As we practice, we disentangle more and more out of each of our perceived vehicles, and we keep heading back to the Perceiver. And each time we disentangle, we then are able to see in a greater way what’s actually going on. If we are involved, we have myopic vision. We’re caught in the problem, yet we’re so sure we see it the way it is.
The other day, I was talking with a student about Dante. And I was saying that the reason for writing in the vernacular, as did Jnaneshwar, was to show that when we are coming from that bottom line underneath it all, from the Self, and we allow that to inform everything we say, then writing in the vernacular reveals that the world is God. The world is perfect just the way it is.

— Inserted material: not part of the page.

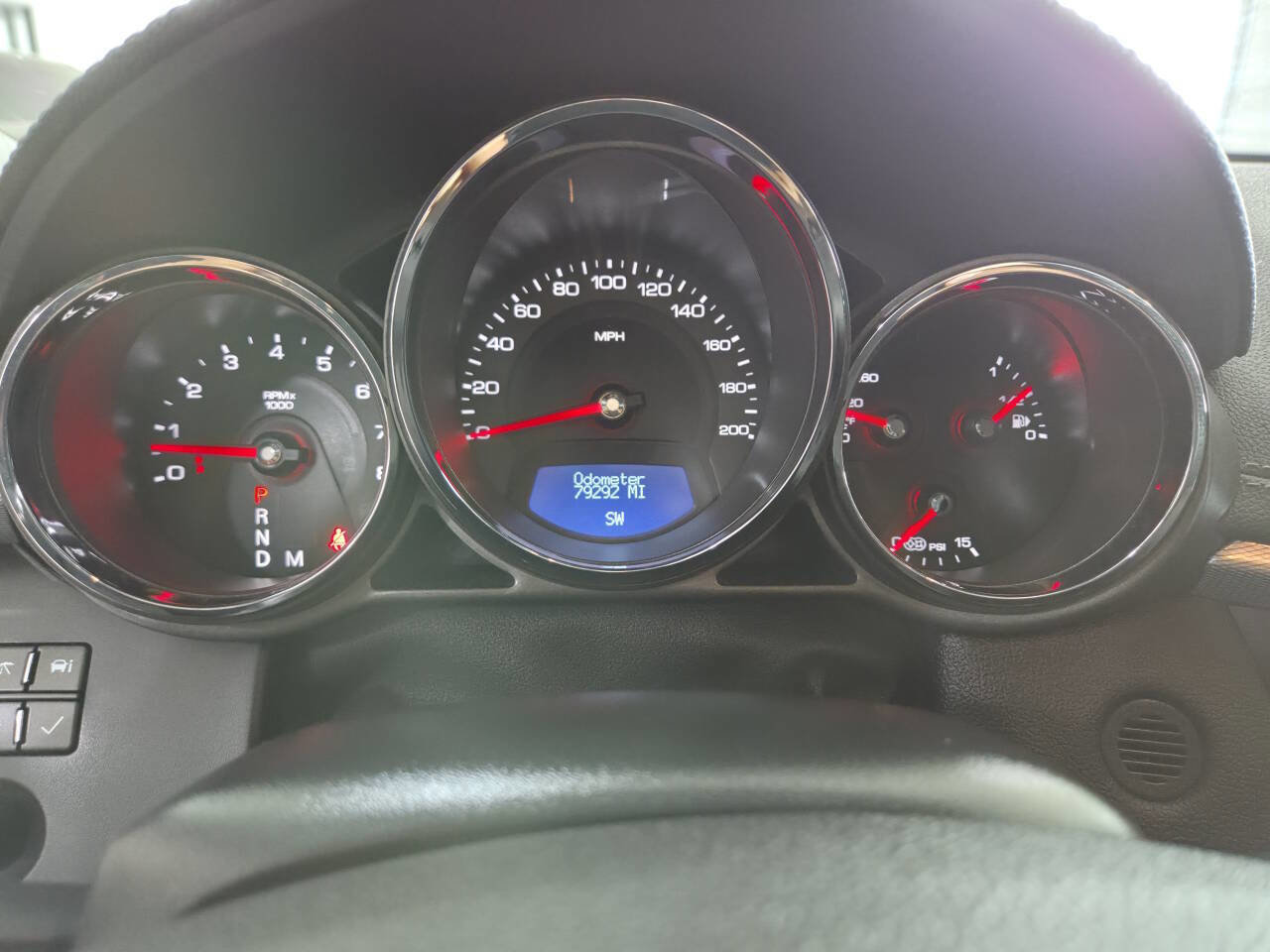 Used 2014 Cadillac CTS V RWD image 35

At the same time, hell, purgatory, and heaven are all right here, right now. And which realm we inhabit depends on where our vision is, and where we reside within ourselves.
In Dante, hell feels like walking through the Natural History Museum going past dioramas. Each of the stories in hell is a diorama. And the damned are committed to their stories, never changing, locked in. So if Dante said, “Oh I missed that story! I want to hear it again”, and he ran back down to that circle of hell and to that little spot in the museum, he could press the button and hear the same story again. It never changes.
That’s us. That’s us in hell when we’re committed to our narrative, to our character. Nothing changes. We never accept our responsibility. We never accept what we’ve actually done. And we’re stuck. We’re in that diorama forever. We relate the same way; we’re sticking to our story. “It’s the truth. This is the way I see it”. How myopic is that? As a character in T. S. Eliot’s play The Cocktail Party says, “It isn’t hell until you become incapable of anything else”.
We cannot become capable of anything else until we actually confess. But it’s easy to confess in a shallow way. We can confess from within the character we play, but that is not confession. In order to confess, we have to be actually disentangled enough from the character to say, “Whoa. I stepped back a little. That diorama that I’ve been committed to is not all that good. I’m not right. I didn’t see everything as clearly as I thought I did”. Then we can confess.
This is not just saying, “I know I have a problem.” When we say, “I know I have a problem,” we’re still caught in our little narrative. And when we say, “Oh yeah, I do that” or “I did that”, we’re still caught in our narrative. We’re stuck, and Dante is walking by, saying, “Oh, there it is again”. Same story. We have to disentangle.
If we actually disentangle and are present and committed, then we get to purgatory. This is where sadhana begins. From here, we can move. Right here, in the world, we start relating differently; we have now moved from hell to purgatory. And we will face maybe the same situations that we got before. The world we created is the world we created, but we are now relating with the same situations differently. We see things differently. We understand differently. We respond differently. We keep moving up the mountain, and things don’t bother us as much. And we make different decisions. There are also new situations: “Oh my God, I never saw that before. Oh! That’s been there all along. I never knew that”.
We have to keep moving until we are completely disentangled—when we are pure Subject, the Perceiver, not the perceived. Then, we are in heaven. We are still dealing with the same situations we were facing with before. But we see them differently all over again, act differently, respond differently. We come from a place of Love, and All is Love.
That’s what sadhana is about. Hell is here. We can all live in hell. We can all stay in our narratives and just keep them going. Most people do. But through Grace and reflection, we can choose to move from hell into purgatory. Once there, we can practice diligently as we continue to accept Grace. And eventually we can rest in heaven.